Statistical analysis

Univariable associations of demographic characteristics with the intervention community or outcome variables (MVPA and excessive sedentary behavior) were assessed using the Chi-square test for categorical variables and the Student’s t-test for continuous variables or their non-parametric counterparts, if necessary. Multivariable logistic regression models were conducted to assess the association of being in the intervention community with meeting MVPA guidelines and excessive sedentary behavior separately, while controlling for potential confounding factors, such as age, sex, marital status, education, employment and ethnicity.

We then analyzed the results based on actual exposure to TSSC as a whole and the individual components as we did not expect to reach all individuals within the community.
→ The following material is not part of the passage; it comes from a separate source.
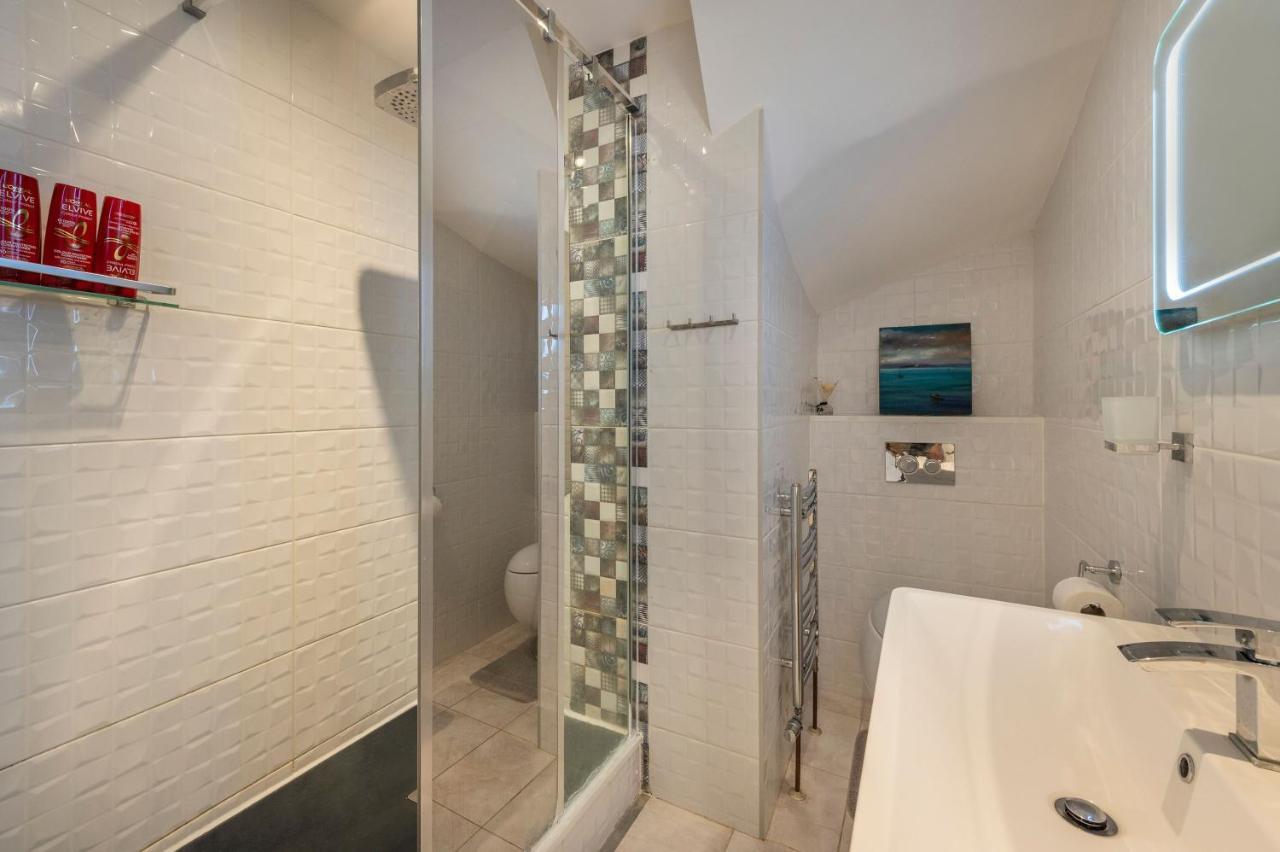 Spacious Two Bedroom In Camden *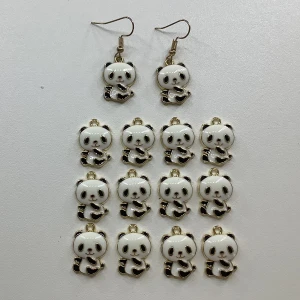 Panda berlocker 🐼  - Pandaberlocker för 5kr/st eller alla för 45kr 💗. Vid snabbt köp kan priset få ned lite 😊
Of our sample, 43.6% of the intervention community reported exposure to any component, 38.0% reported exposure to the newsletter, 20.2% to the CHW discussion, 27.4% to the TV segment and 6.8% to the radio segment. Thus, we created a collapsed variable that included the community (intervention or control) and exposure to the components, given the high collinearity between the two variables. This resulted in intervention-exposed and intervention-unexposed groups. Very few (n = 8) individuals in the control community reported ever being exposed to any component. Thus, our comparisons are limited to intervention-exposed versus intervention-unexposed and intervention-exposed versus control-unexposed. We also examined overlap between exposures to components; however, because exposure to two different components was never greater than 10%, and was as little 2%, we analyzed each component individually.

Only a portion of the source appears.